Still, there are similarities between Dune II and the Lynch movie – and, indeed, Herbert’s novel. Both the film and book were the work of mavericks pursuing their own vision (Lynch would later complain about lacking final cut and grumble about the compromises he had to make for a big Hollywood production – but nobody could mistake his Dune for anything other than a Lynch feature.) The same could be said of Dune II, which came about when Las Vegas game developer Westwood Studios was asked by its parent company, Virgin Interactive, to design a game based on the franchise, with the company having acquired the license from Universal Pictures.
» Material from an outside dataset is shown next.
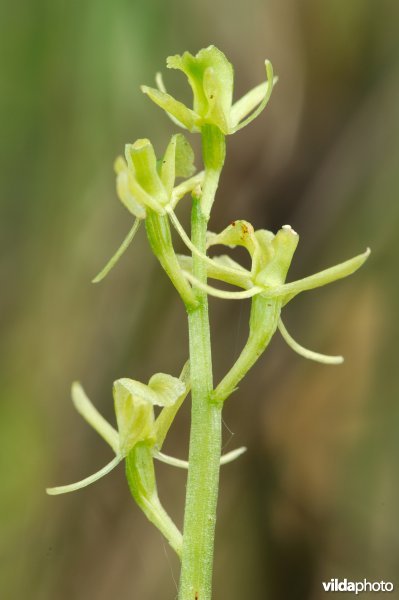 Groenknolorchis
Dune II’s existence was, in itself, a miracle. The original idea had been for another Virgin subsidiary, French-based Cryo Interactive, to create a straightforward “point-and-click” adventure game. However, Westwood lead game producer Brett Sperry and his team were led to believe that plan had fallen through and that their Dune was the only one in development.
They set to work, intent on crafting a revolutionary strategy game. They later discovered Cryo Interactive had gone ahead with its game after all: hence Dune and the entirely unrelated Dune II: the Battle for Arrakis (released in some territories as Dune II: The Building of A Dynasty). By then, it was too late: Westwood had sunk its teeth into the challenge and was not going to let go.
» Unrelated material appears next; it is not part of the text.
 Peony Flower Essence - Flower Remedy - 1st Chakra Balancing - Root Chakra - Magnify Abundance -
“It was an intellectual puzzle for me,” Sperry told the website The Digital Antiquarian. “How can we take this really small wargame category, bring in some fresh ideas, and make it a fun game that more gamers can play?”
If Cryo Interactive’s Dune won the short-term battle to get to the shelves first, Dune II, released in December 1992, was the victor in the longer term. Its combination of real-time arcade-style action and tactical planning was groundbreaking and caused a sensation.
“Violent, easy to play… one of the most absorbing games I’ve come across,” read a typically hyperbolic review in One Amiga magazine in 1993. Spurred by rave write-ups and word of mouth, the title shifted a quarter of a million copies in just four years and inspired Westwood to create its Command & Conquer series, which would, in turn, rack up sales of over 30 million.
Command & Conquer, for its part, was a major influence on the original 1994 Warcraft video game. And that, of course, would lead to the hugely influential World of Warcraft online universe – forerunner of modern multi-player blockbusters such as Fortnite, Overwatch and Diablo.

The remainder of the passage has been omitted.